Crystallographic Information File (CIF) https://doi.org/10.1107/S1600536805029703/ci6655sup1.cif
Contains datablocks global, I

hkl

Structure factor file (CIF format) https://doi.org/10.1107/S1600536805029703/ci6655Isup2.hkl
Contains datablock I

CCDC reference: 287530

checkCIF report

Key indicators

  • Single-crystal X-ray study
  • T = 293 K
  • Mean [sigma](C-C) = 0.002 Å
  • R factor = 0.042
  • wR factor = 0.113
  • Data-to-parameter ratio = 14.8

checkCIF/PLATON results

No syntax errors found




Alert level C
PLAT066_ALERT_1_C Predicted and Reported Transmissions Identical .          ?
PLAT199_ALERT_1_C Check the Reported _cell_measurement_temperature        293 K
PLAT200_ALERT_1_C Check the Reported _diffrn_ambient_temperature .        293 K
PLAT242_ALERT_2_C Check Low       Ueq as Compared to Neighbors for        C10
PLAT720_ALERT_4_C Number of Unusual/Non-Standard Label(s) ........          1


   0 ALERT level A = In general: serious problem
   0 ALERT level B = Potentially serious problem
   5 ALERT level C = Check and explain
   0 ALERT level G = General alerts; check

   3 ALERT type 1 CIF construction/syntax error, inconsistent or missing data
   1 ALERT type 2 Indicator that the structure model may be wrong or deficient
   0 ALERT type 3 Indicator that the structure quality may be low
   1 ALERT type 4 Improvement, methodology, query or suggestion
Comment top

Methyl(2-methoxycarbonyl)succinate, a natural aromatic amide isolated from the methanolic extract of Jolyna laminarioides, has shown potent chymotrypsin inhibitory activity (Atta-ur-Rahman et al., 1997). Therefore, we have synthesized our desired analogue, (I), in 85% yield, by a one-step condensation of methyl anthraanilate and succinic anhydride (see scheme). We report here the structure of (I).

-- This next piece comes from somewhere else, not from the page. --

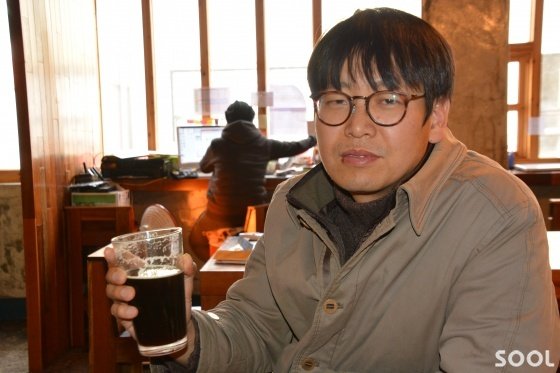 만국의 술쟁이여, 단결하라!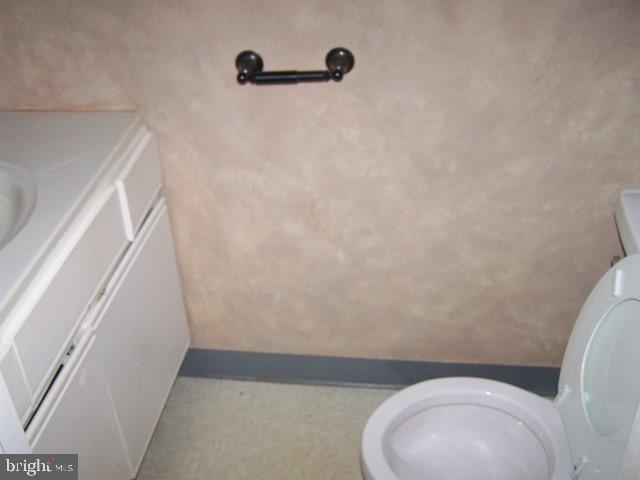 OAK HOLLOW - Residential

Molecules of the title compound, (I), have normal bond lengths (Allen et al., 1987). The C6—N1—C7 bond angle [130.13 (11)°] is larger compared with the value of 126.69 (10)° observed in N,N'-diphenylsuccinimide (Anjum et al., 2005). The N1—C7 and C8—C9 bonds are trans with respect to the C7—C8 bond for steric reasons, the N1—C7—C8—C9 torsion angle being 175.77 (11)°.

The phenylacetamide moiety is planar to within ±0.018 (1) Å. The C9—C10—O4—O5 and C11—C12—O1—O2 planes form dihedral angles of 80.47 (5) and 9.38 (9)°, respectively, with the phenylacetamide moiety. This orientation is influenced by intramolecular C—H···O and N—H···O interactions, namely N1—H1N···O2, C5—H5···O3 and C2—H2···O1 (Table 1). As seen in Fig. 1, each of these interactions generates rings of graph-set motif S(5) or S(6) (Bernstein et al., 1995).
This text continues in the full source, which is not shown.